Reporter: Gail Levy Writer: Matias Abril
Published: Updated:

Privacy in the classroom. What’s reasonable? What’s intrusive? Should teachers be allowed to search student’s cellphones without their parents’ permission?

This issue is at the forefront of the new student code of conduct policy draft under consideration in Lee County schools.

All this goes back to a law passed in 1985. The district admits there were no cellphones during that 1985 case, but the law first opened the door for diminished Fourth Amendment rights for students.

And Lee County schools argue that case gives them permission to search your child’s phone to look for something very specific.

The Lee County School Board argues the law gives the district the right to search a student’s cellphone without a warrant when there is reasonable suspicion there is evidence of a threat or a crime, and the search must be narrow in scope.

The superintendent of schools addressed parents’ concerns during a school board workshop on Tuesday.

“We would only look at a cellphone in the case where a cellphone or technology was the appropriate piece,” said Lee County Superintendent Dr. Chris Bernier. “If we’re searching a handgun, we’re not going to look at a person’s cellphone. If we have a social media post that threatens to blow up the school, and children are sharing that post with us, and we know who the author of that post is, their cellphone becomes pertinent to that investigation.”

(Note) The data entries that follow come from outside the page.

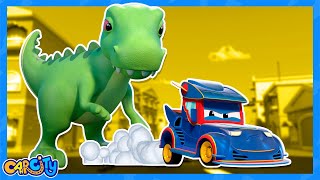 Best of Super Truck DINO Rescue | Funny DINOSAUR Cartoon for Kids ✨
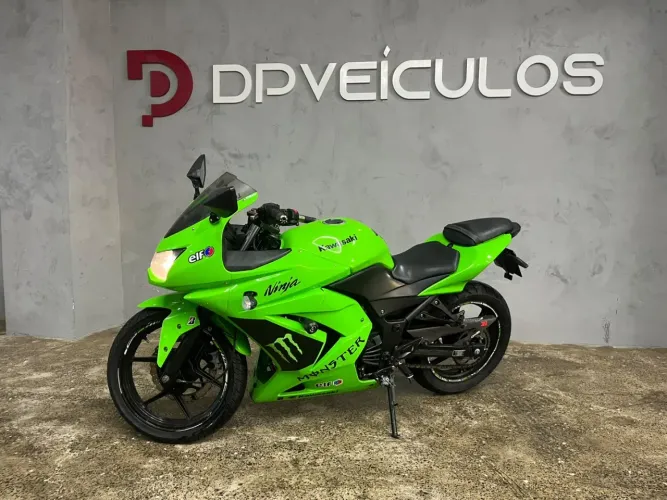 Kawasaki Ninja 250r 2011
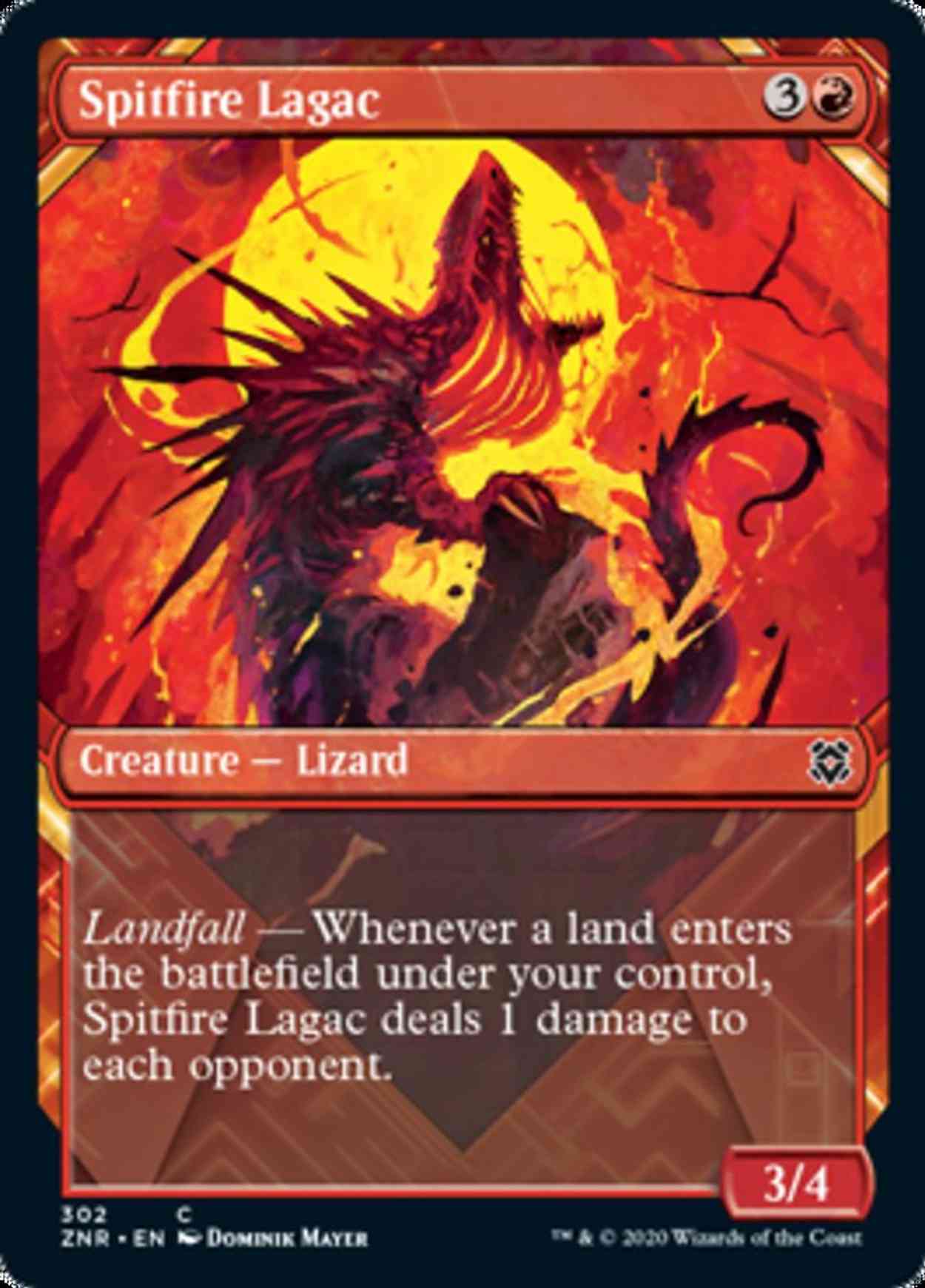 Spitfire Lagac (Showcase) magic card front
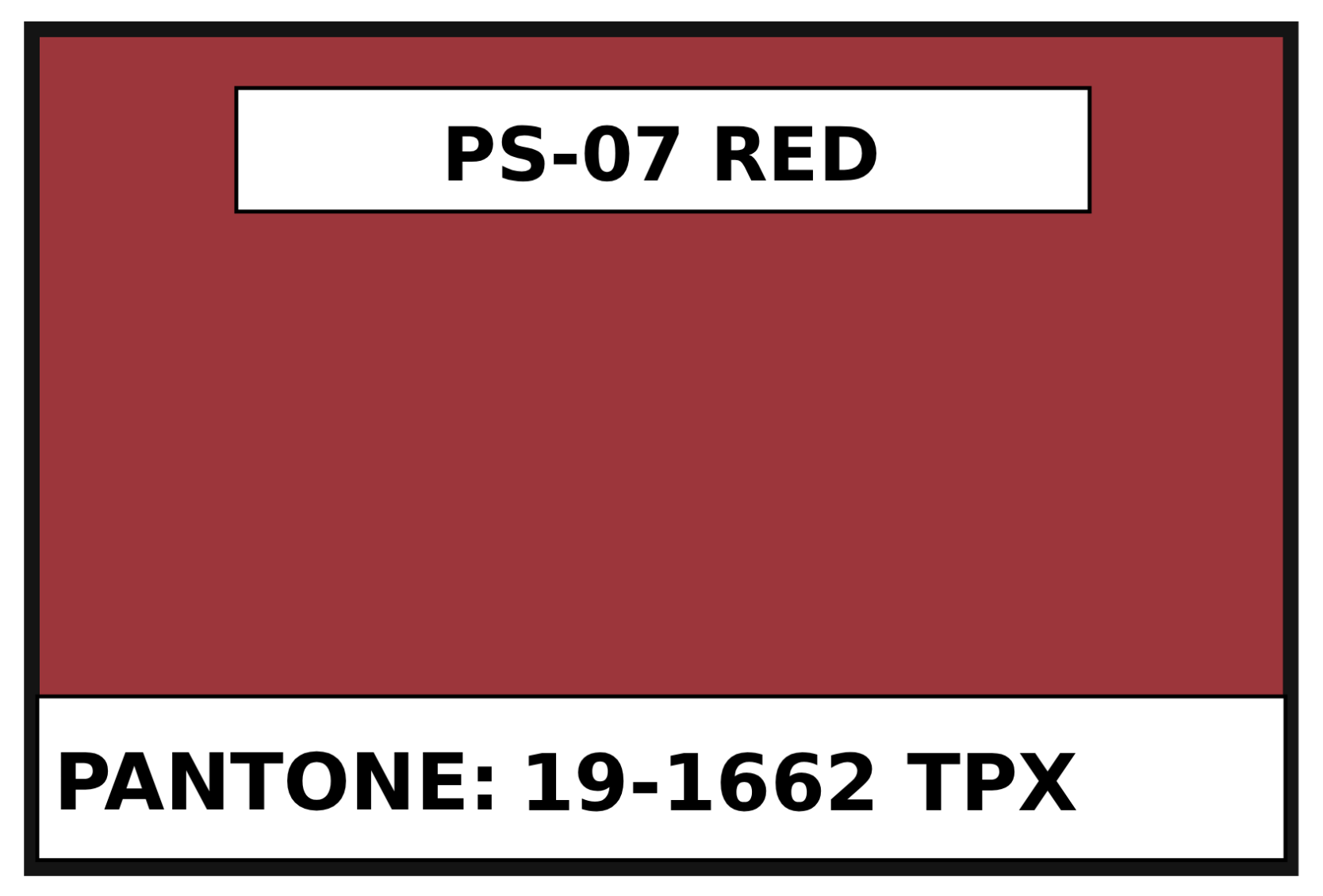 PS Film Easyweed Red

But no one in Lee County schools can force your child to give up his or her cellphone password. In that case, the district would get law enforcement involved.

Dr. Bernier also said that searching cellphones is in other school districts’ student codes of conduct, but there is actually no such policy in Charlotte or Collier counties.

Lawyers said that this could be a gray area in the law that a parent could challenge.